Opinioni & Commenti

Il Papa in Gran Bretagna parla al cuore della Chiesa e del Paese

di Fabio Zavattaro

I viaggi internazionali di Benedetto XVI vanno letti nella duplice prospettiva della continuità con il suo predecessore, ma anche della volontà di indicare un percorso che, pur situandosi in questa prospettiva, ne segni una discontinuità di impostazione. Lo abbiamo visto con le Giornate mondiali della gioventù, nate dalla fervida intelligenza pastorale di Papa Wojtyla, e plasmate in una continuità-diversità da Benedetto XVI.

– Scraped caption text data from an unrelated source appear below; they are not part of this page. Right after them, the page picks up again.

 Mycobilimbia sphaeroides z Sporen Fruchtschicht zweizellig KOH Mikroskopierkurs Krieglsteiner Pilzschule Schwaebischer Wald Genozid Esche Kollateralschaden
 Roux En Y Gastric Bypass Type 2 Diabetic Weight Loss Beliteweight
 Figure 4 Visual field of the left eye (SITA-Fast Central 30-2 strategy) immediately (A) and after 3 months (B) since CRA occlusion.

Così il viaggio inglese (16 – 19 settembre con tappe a Edimburgo, Glasgow, Londra, Canterbury e Birmingam) presenta, in modo forse più accentuato, questo binomio. È chiaro che in primo luogo è una visita dal grande significato ecumenico, e che si pone, appunto, in continuità con Giovanni Paolo II che nel maggio del 1982 fece tappa in diverse località inglesi. Ma è innegabile che molto è cambiato da quella visita che diede il via, con la dichiarazione firmata da Papa Wojtyla e dall’arcivescovo di Canterbury, Robert Runcie il 29 maggio 1982, alla seconda fase del lavoro della Commissione mista cattolico-anglicana – che va sotto il nome di Arcic II – e che ha prodotto importanti dichiarazioni sulla salvezza, la giustificazione, la natura della Chiesa, e su questioni dottrinali, da sempre fonte di divisioni. In ultimo, c’è da ricordare che il lavoro della Commissione ha portato, nel 1998, al documento «Il dono dell’autorità» che registrava un vero progresso sulla questione del primato di Pietro.

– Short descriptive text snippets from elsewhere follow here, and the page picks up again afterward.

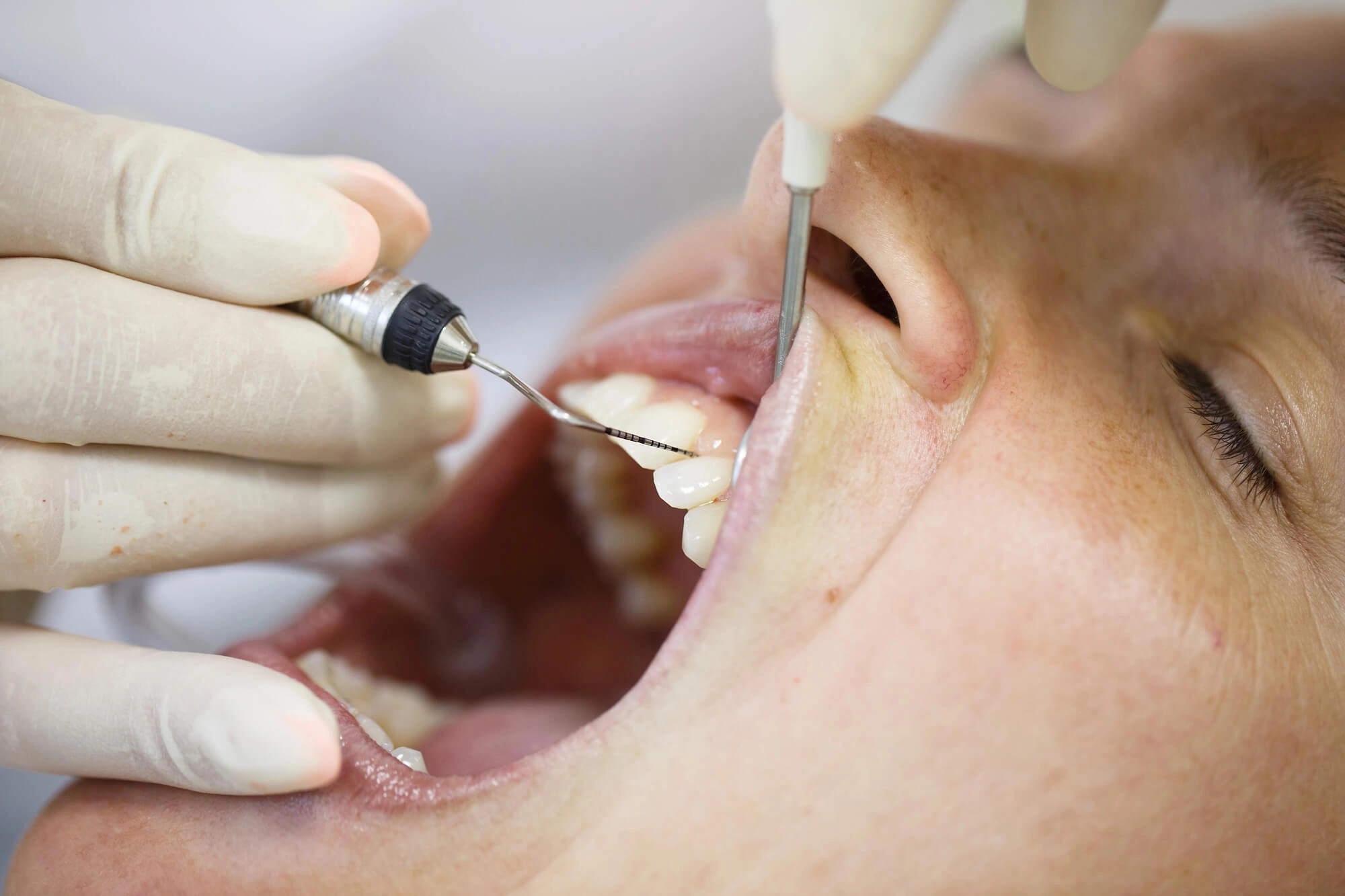 Undergoing gum treatment by Gentle dentist Westchester NY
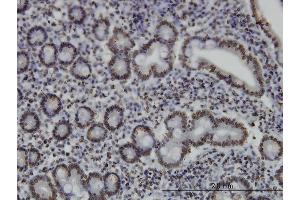 Immunoperoxidase of monoclonal antibody to MEF2A on formalin-fixed paraffin-embedded human small Intestine. (MEF2A antibody  (AA 71-170))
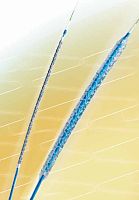 Coronary stent Coral®cobalt-chromium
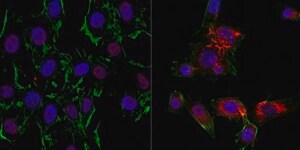 Anti-60S RPL5 from rabbit, purified by affinity chromatography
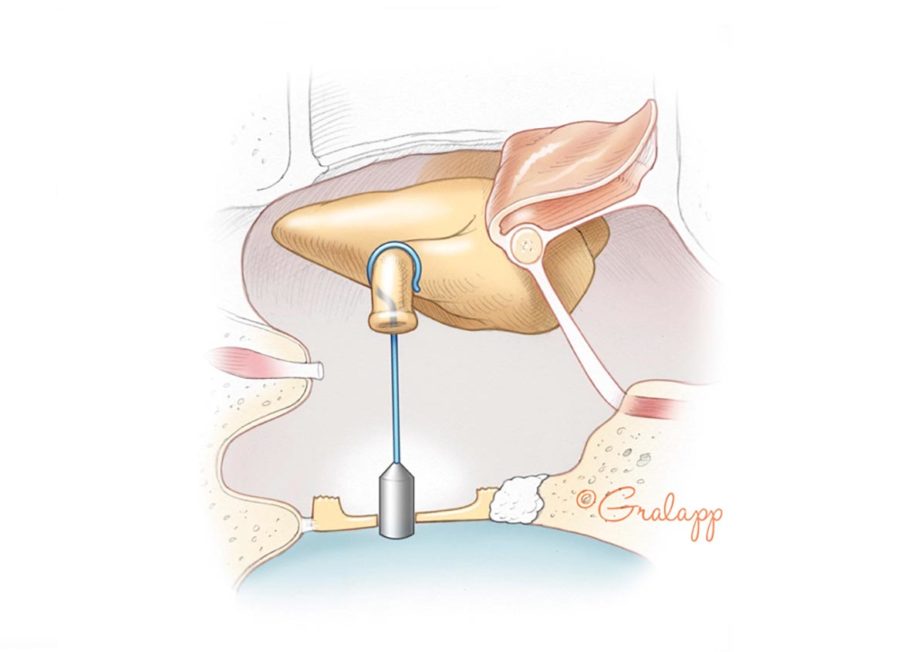 Otosclerosis and stapes surgery.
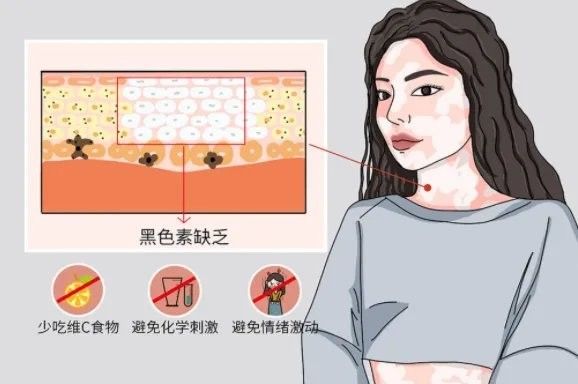 白點病藥物治療后多久見效（白癜風吃藥多久能治愈劉雯敏副主任醫師三甲白斑治療多久見效） 白點病藥物治療后多久見效（白癜風吃藥多久能治愈劉雯敏副主任醫師三甲白斑治療多久見效） 龍魚百科 第5張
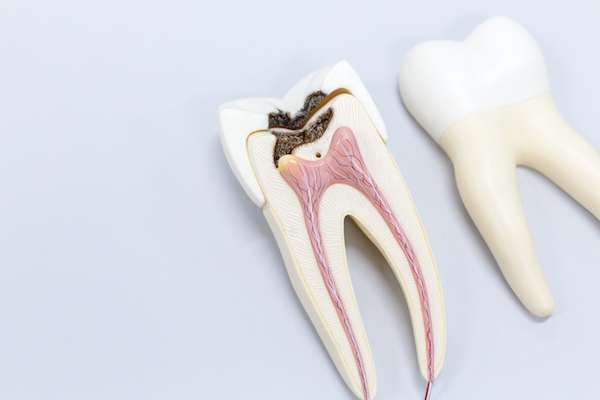 Ask a General Dentist: Is a Tooth Dead After a Root Canal from Michael M. Bohn, DDS in Fresno, CA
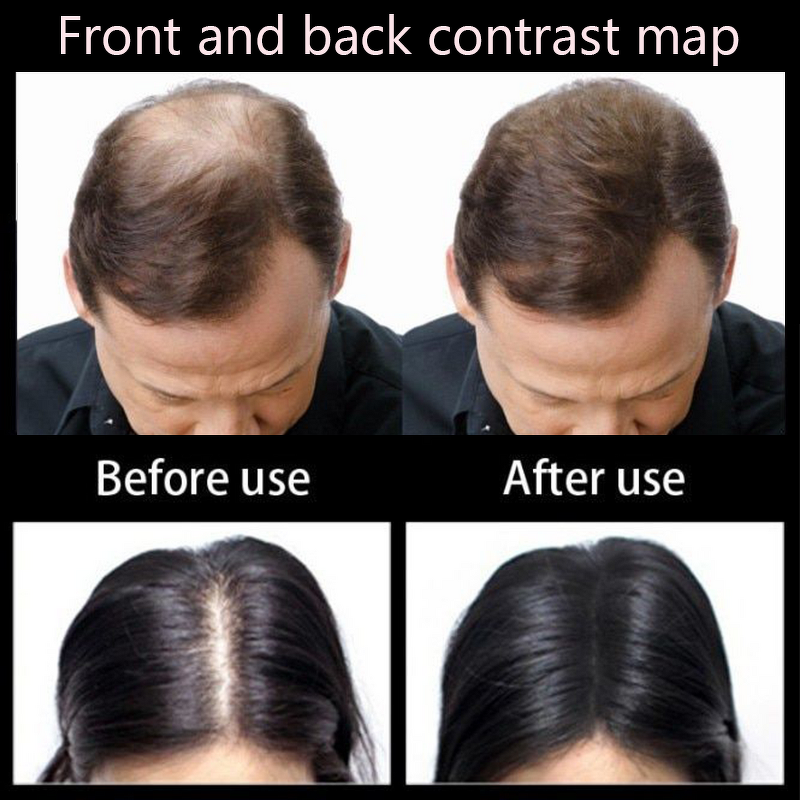 Hair Oil Manufacturer - Factory Supply Organic with Rosemary and Fenugreek Oils & Private Label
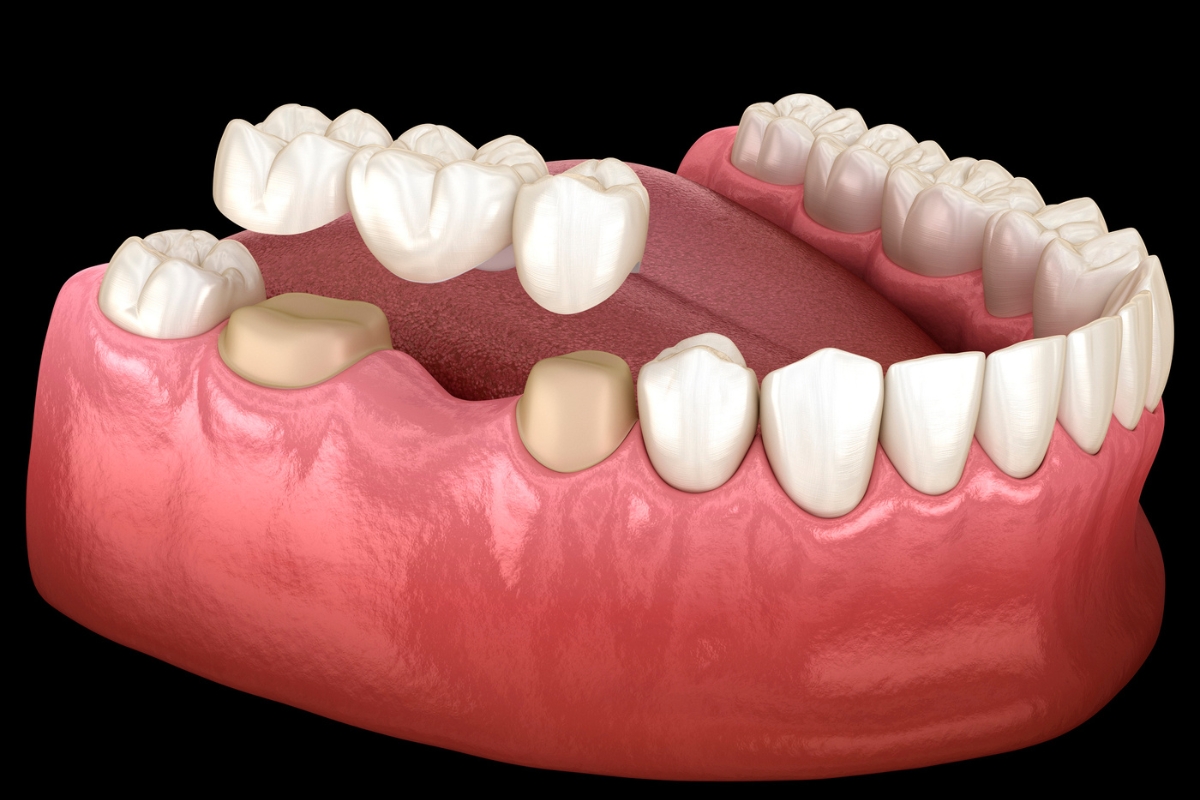 Featured image for “Why Dental Crowns Are Essential for Stronger Teeth and a Better Smile”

Papa Benedetto, invece, arriva in Inghilterra e trova una Chiesa in crisi, divisa. Ha scelto, assieme ai vescovi, un tema che vuole essere un modo per condividere gioie e sofferenze: «Il cuore parla al cuore». E lo vediamo, Papa Benedetto, parlare al cuore di una Chiesa, quella cattolica, che vive la testimonianza del dialogo e del cammino ecumenico; ma anche ad una Chiesa anglicana che nella scelta dell’ordinazione sacerdotale alle donne ha provocato non poche ferite interne, accentuate dalla volontà, ribadita ufficialmente lo scorso 12 luglio, di dire sì all’ordinazione delle donne vescovo e di pastori omosessuali. Vi arriva dopo aver promulgato la costituzione apostolica Anglicanorum coetibus, che vuole essere una mano tesa a quegli anglicani contrari alle ordinazioni femminili, offrendo loro degli Ordinariati per permettere a ministri e fedeli anglicani di entrare nella piena comunione con la Chiesa Cattolica, conservando elementi dello specifico patrimonio spirituale e liturgico anglicano.

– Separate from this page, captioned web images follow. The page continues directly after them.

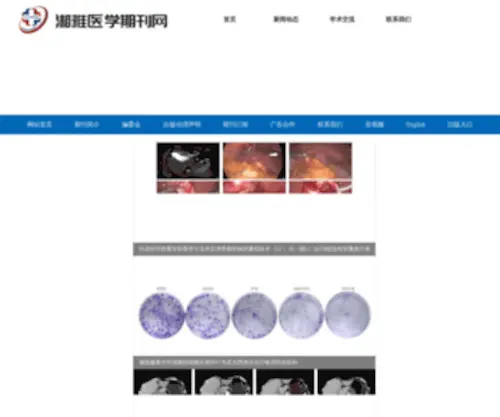 ZPWZ.net(欢迎访问《中国普通外科杂志》编辑部) Screenshot
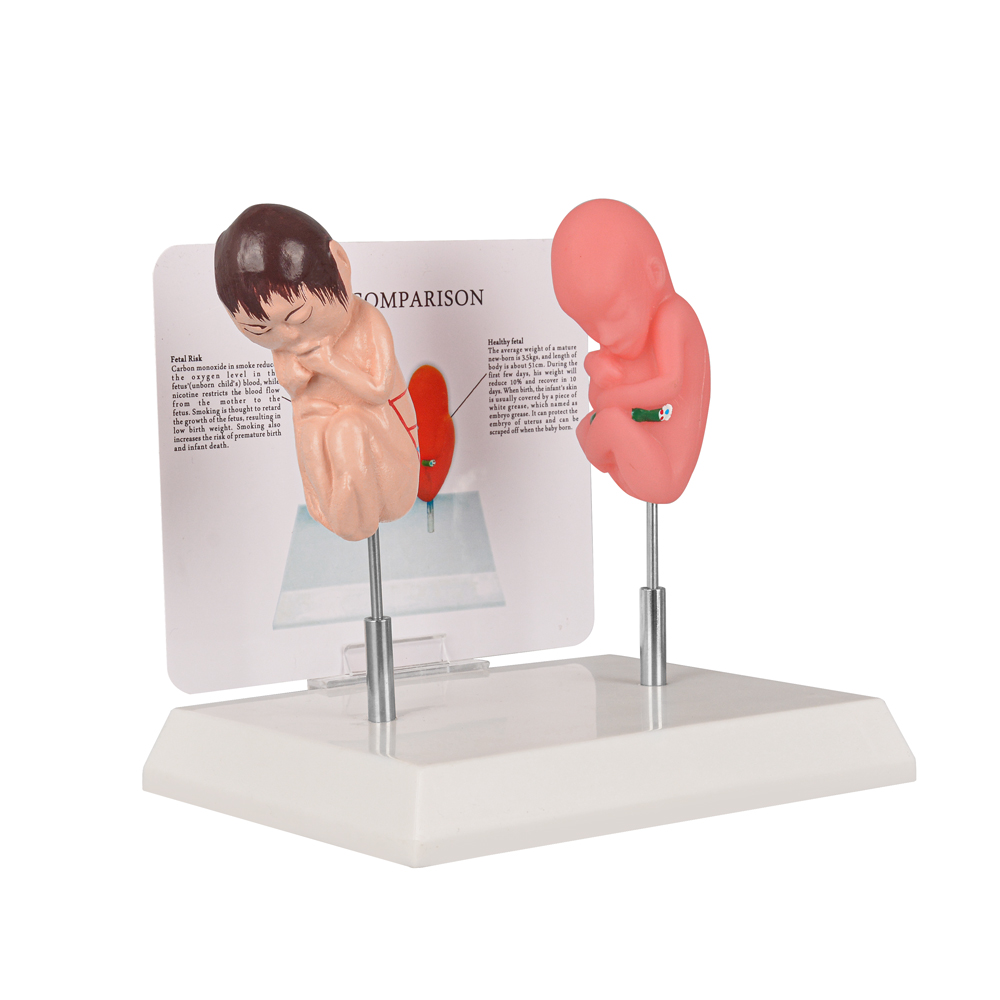 Smoking Effect Fetal Education Model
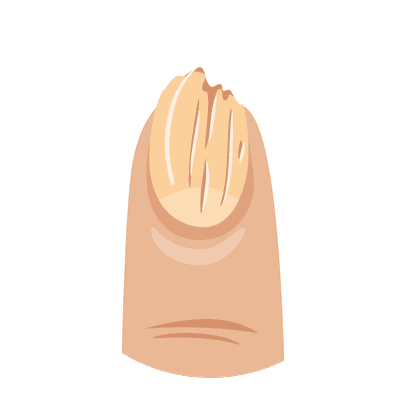 Nail brittleness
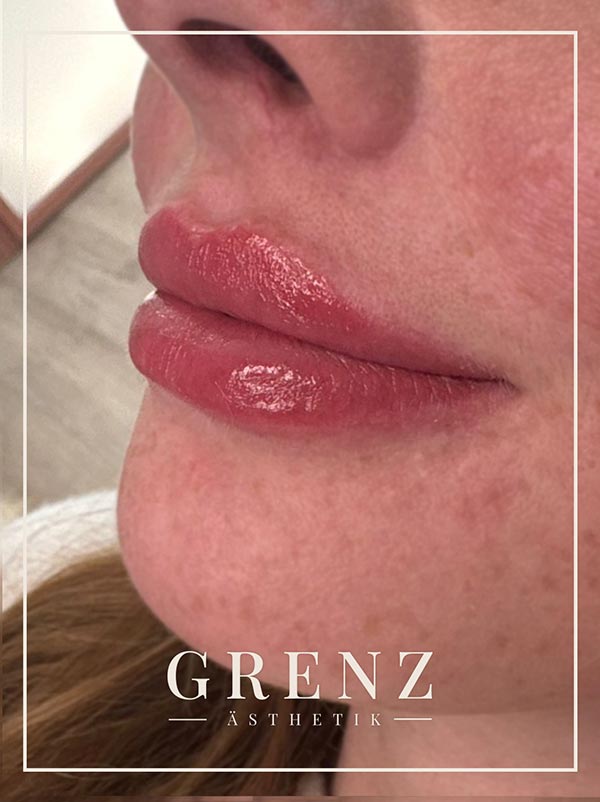 Butterfly-Lips – Lippenunterspritzung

Secondo elemento di discontinuità, il fatto che Papa Benedetto è in Gran Bretagna su invito della Regina, dunque visita di Stato, e questo rende storico il viaggio del Papa: non fu così, infatti, con Giovanni Paolo II. C’è un terzo elemento, non meno importante degli altri: il Papa presiede, per la prima volta, una beatificazione. Dall’inizio del suo Pontificato, infatti, è sempre stato il prefetto della Congregazione per le cause dei santi a presiedere questi riti. Il cardinale John Newman poi è figura importante della cultura inglese e il suo «viaggio» dalla Chiesa anglicana alla Chiesa romana è stato un fatto molto rilevante per il suo tempo, e anticipatore della stagione che ci troviamo a vivere.

Nella difficoltà di un dialogo, segnato più da fratture e divisioni che da un cammino di comunione, Papa Benedetto, in Gran Bretagna, parla al cuore della Chiesa e del Paese, dal suo cuore. Ma lo slogan del viaggio è anche una sorta di impegno: la lingua del cuore è anche la lingua delle immagini, dei momenti più che degli argomenti. E in questo viaggio non mancano né i primi, né tanto meno i secondi.